Brief: Exact copy, no pictures: return all the data below as written.

Caption-style text data:
━━━━

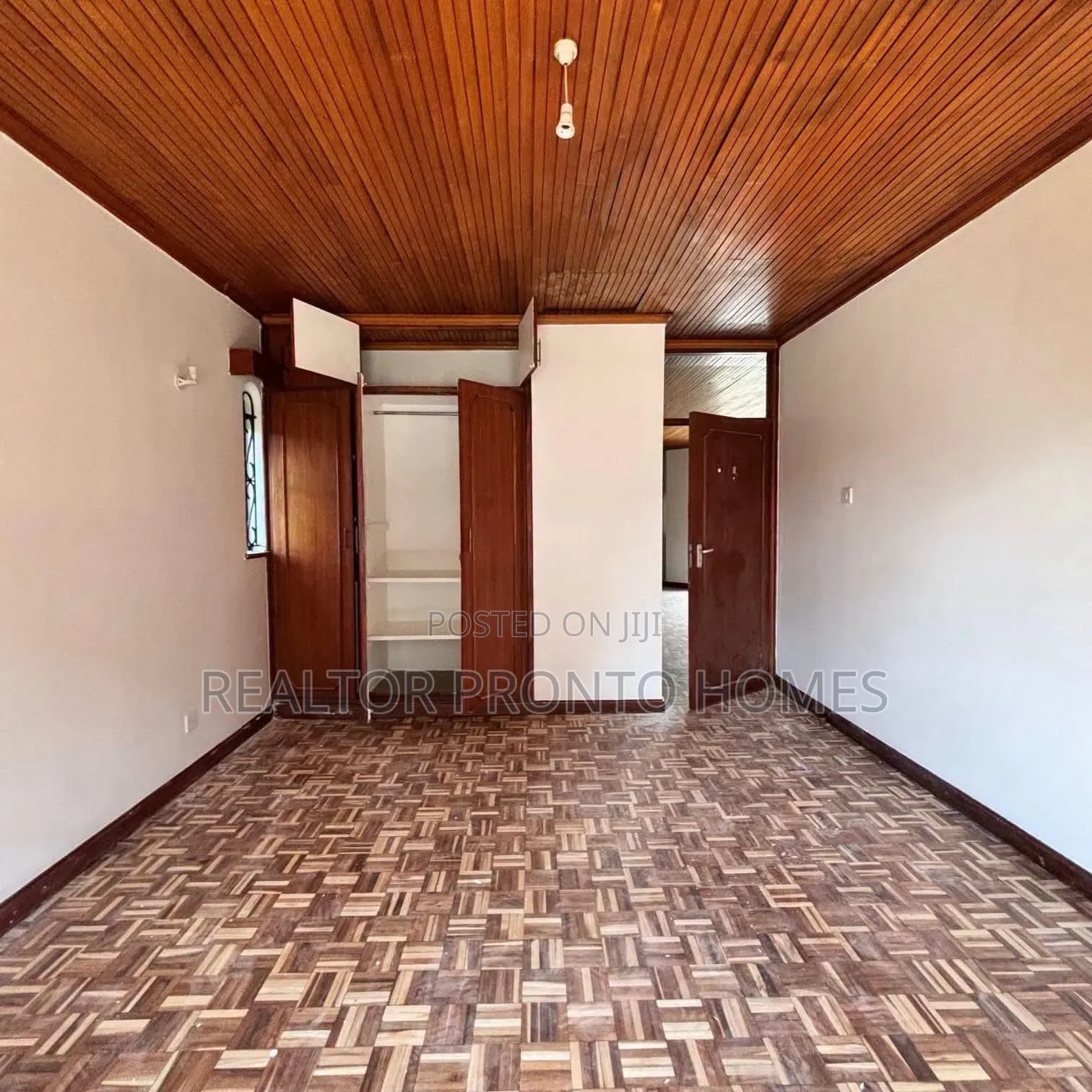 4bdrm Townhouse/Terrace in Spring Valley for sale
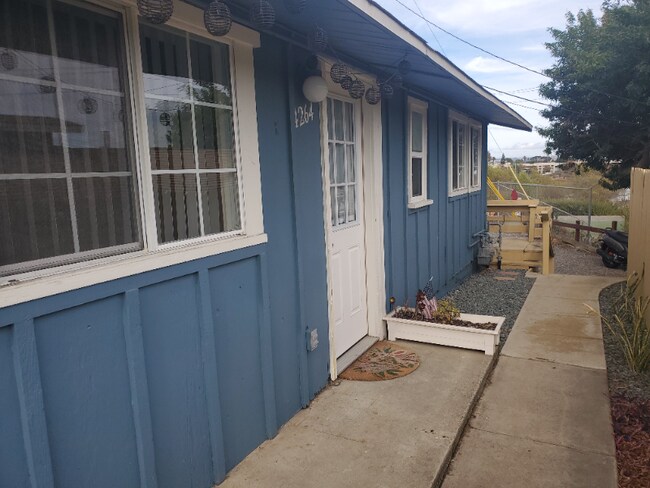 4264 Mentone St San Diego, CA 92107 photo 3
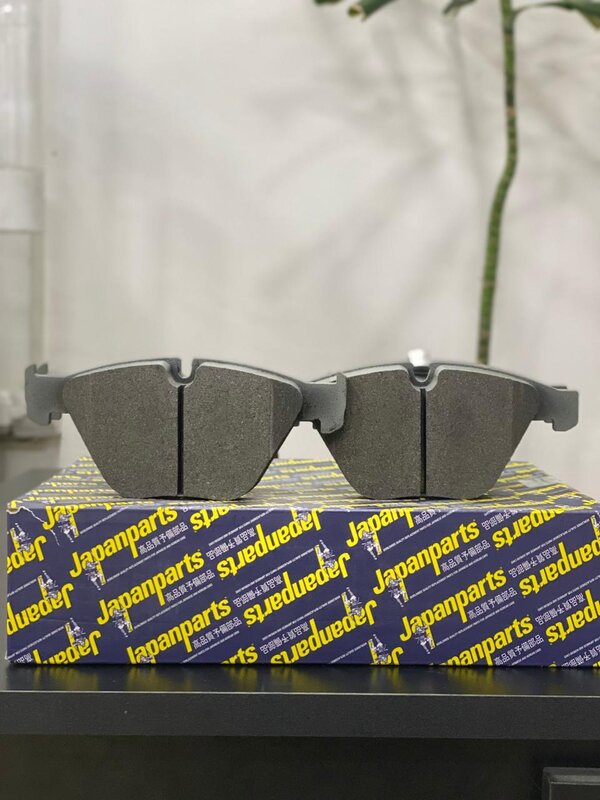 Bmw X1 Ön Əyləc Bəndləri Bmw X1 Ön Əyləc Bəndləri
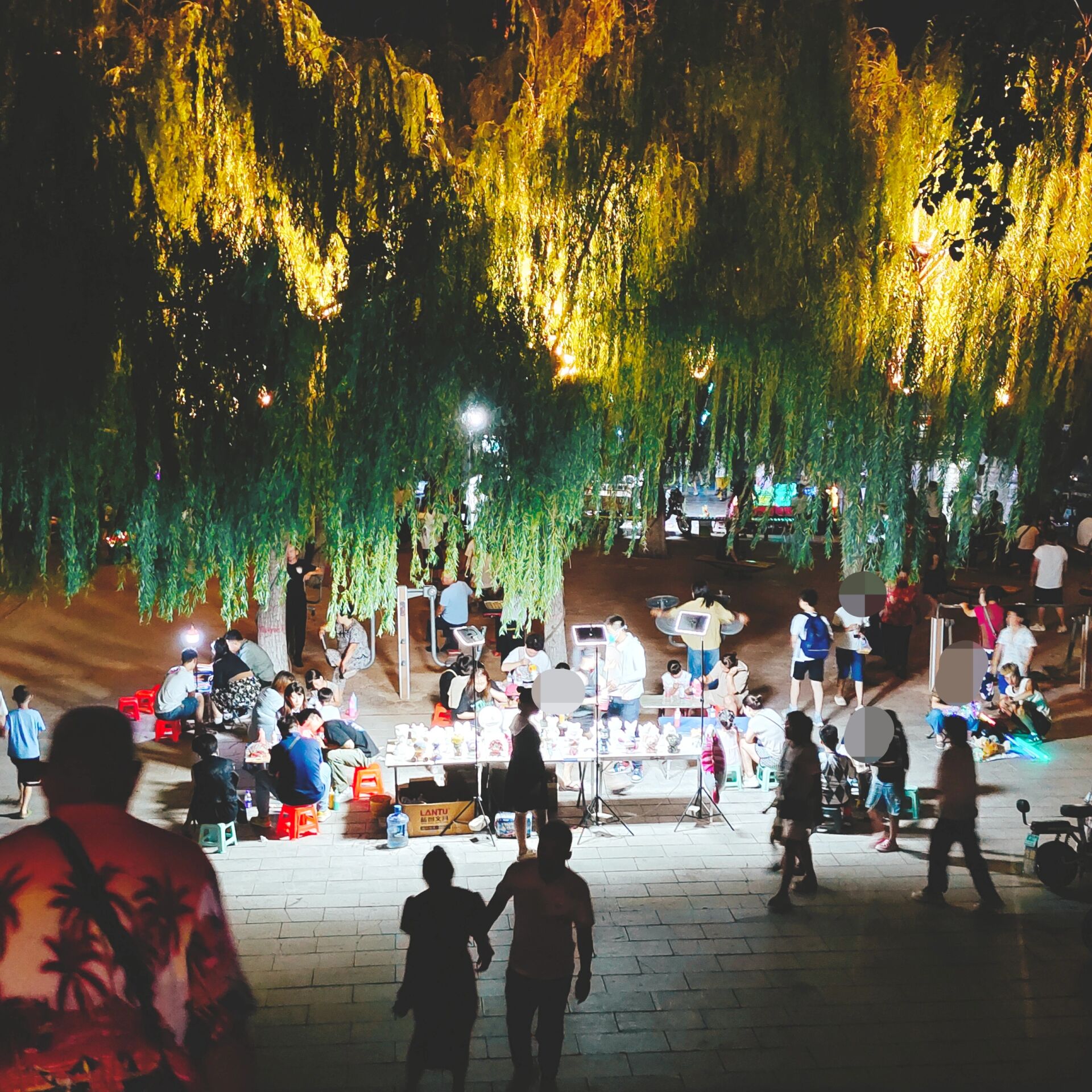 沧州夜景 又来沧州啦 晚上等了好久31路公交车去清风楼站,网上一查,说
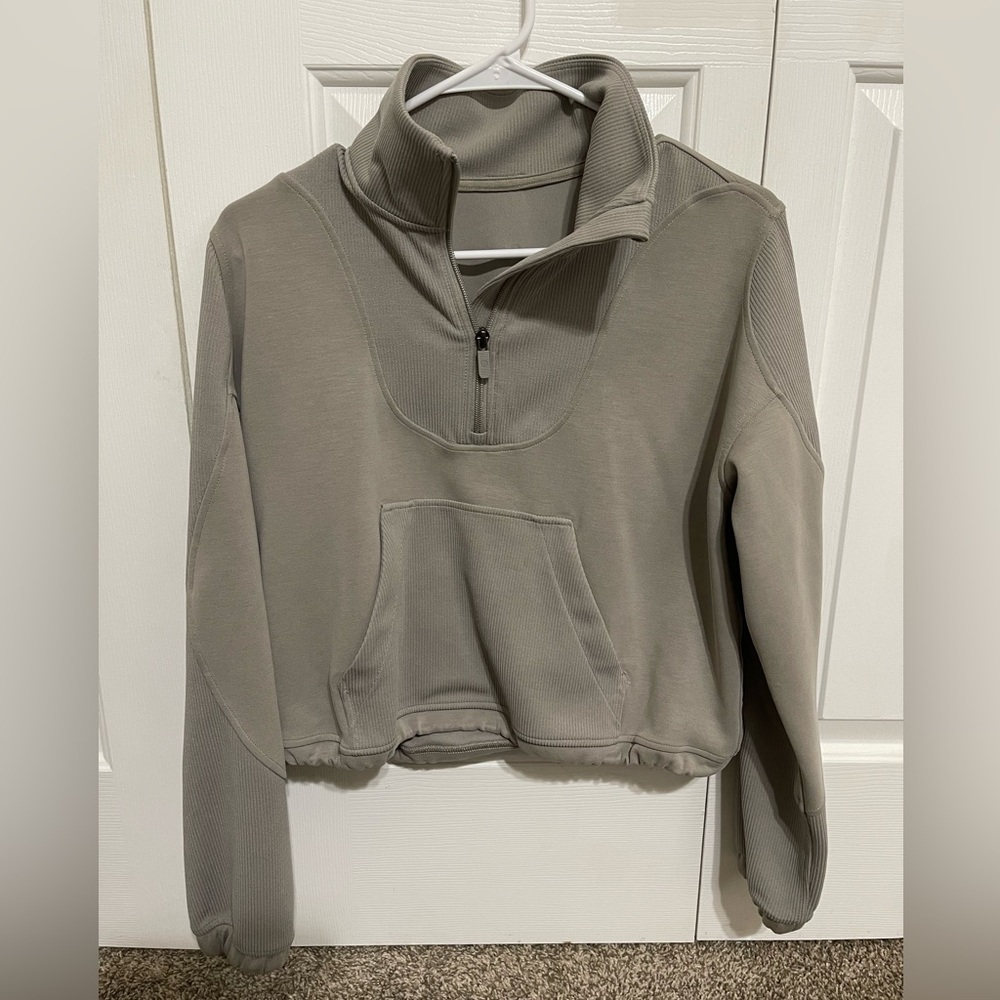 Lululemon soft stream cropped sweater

━━━━

Response to the task:
 4bdrm Townhouse/Terrace in Spring Valley for sale
 4264 Mentone St San Diego, CA 92107 photo 3
 Bmw X1 Ön Əyləc Bəndləri Bmw X1 Ön Əyləc Bəndləri
 沧州夜景 又来沧州啦 晚上等了好久31路公交车去清风楼站,网上一查,说
 Lululemon soft stream cropped sweater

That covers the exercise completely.